*** DATASET EXTRACT ***

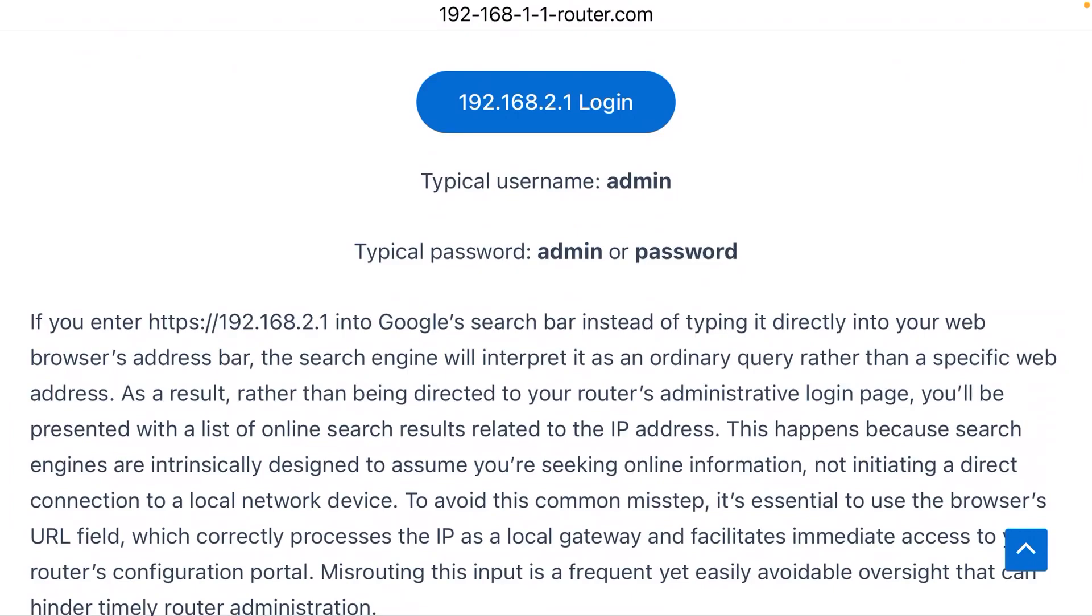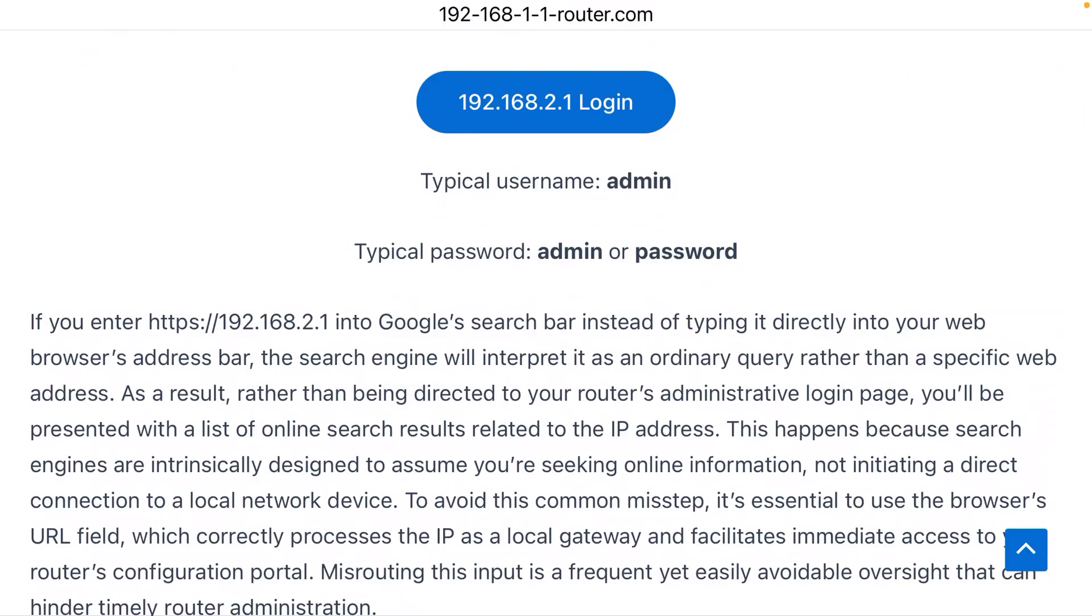If you still don't see a login page after typing the IP address into the correct bar at the very top of your screen, it could be that it's the wrong IP address. If that's the case, I would encourage you to try 192.168.1.1. That is a very common gateway. Once you're in, you should be able to change all the Wi-Fi settings like the name of your wireless network.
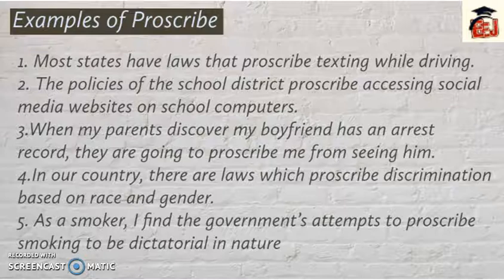In that sentence the girl says that her parents found that her boyfriend has some bad records, so they stopped her from meeting him. Fourth example: 'In our country there are laws which proscribe discrimination based on race and gender' — this should be proscribed or banned.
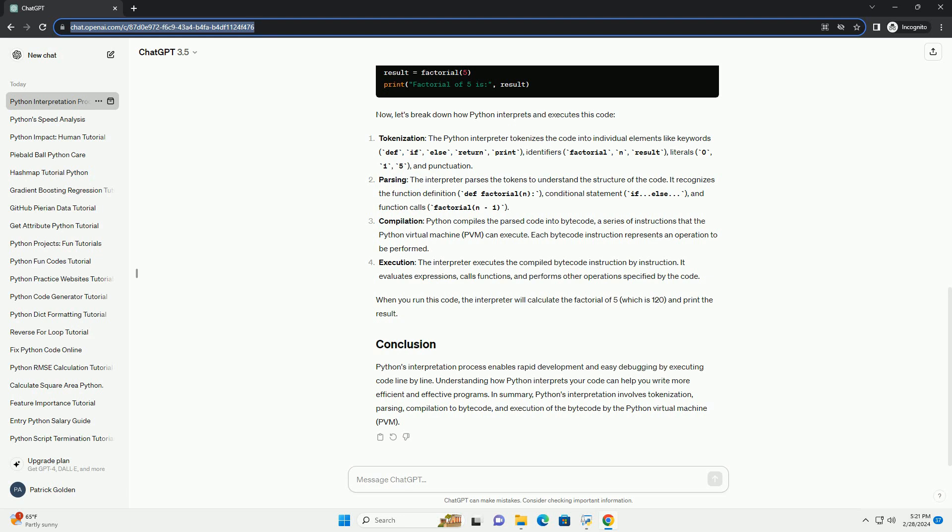Consider the following Python code snippet. Now, let's break down how Python interprets and executes this code. Tokenization: the Python interpreter tokenizes the code into individual elements like keywords (def, if, else, return, print), identifiers (factorial, n, result), literals (0, 1, 5), and punctuation.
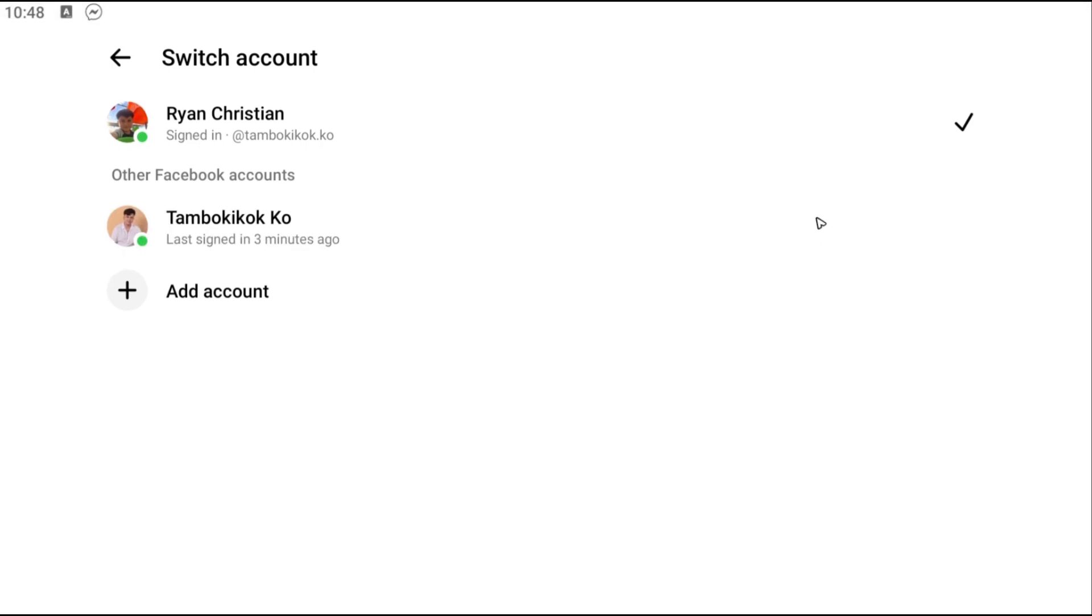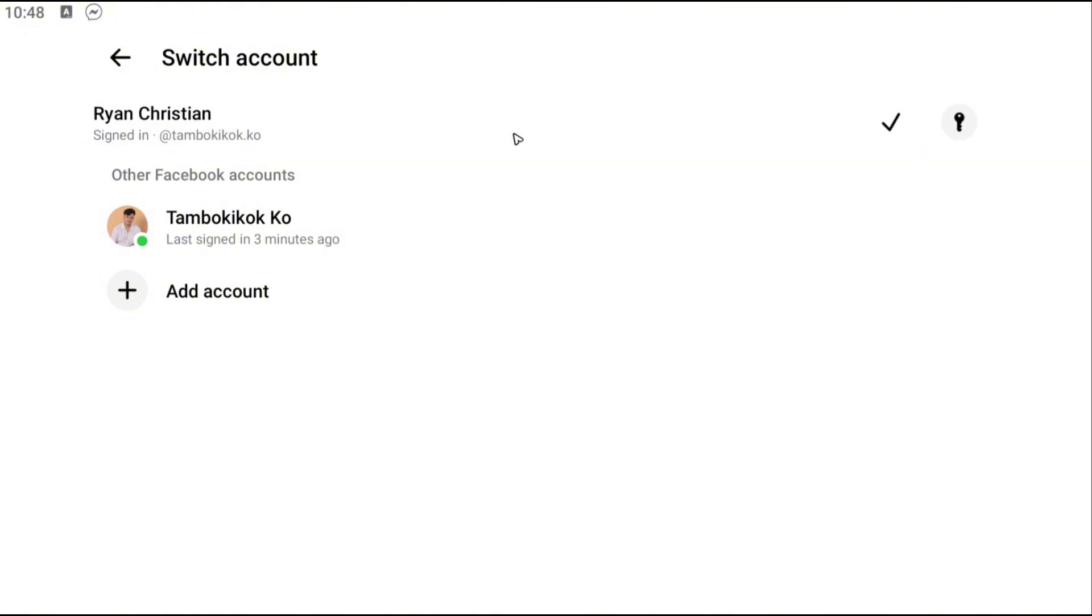Now let's say for example that you want this one which is currently signed in to log out. Well, you won't be able to remove it from here, so what you're going to want to do is just log into this account right here.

*** End of DATASET EXTRACT ***

• _TRY IT_: Leave the pictures out and return the rest of the listing exactly.

• _RESULT FOR THIS TASK_:
If you still don't see a login page after typing the IP address into the correct bar at the very top of your screen, it could be that it's the wrong IP address. If that's the case, I would encourage you to try 192.168.1.1. That is a very common gateway. Once you're in, you should be able to change all the Wi-Fi settings like the name of your wireless network.
In that sentence the girl says that her parents found that her boyfriend has some bad records, so they stopped her from meeting him. Fourth example: 'In our country there are laws which proscribe discrimination based on race and gender' — this should be proscribed or banned.
Consider the following Python code snippet. Now, let's break down how Python interprets and executes this code. Tokenization: the Python interpreter tokenizes the code into individual elements like keywords (def, if, else, return, print), identifiers (factorial, n, result), literals (0, 1, 5), and punctuation.
Now let's say for example that you want this one which is currently signed in to log out. Well, you won't be able to remove it from here, so what you're going to want to do is just log into this account right here.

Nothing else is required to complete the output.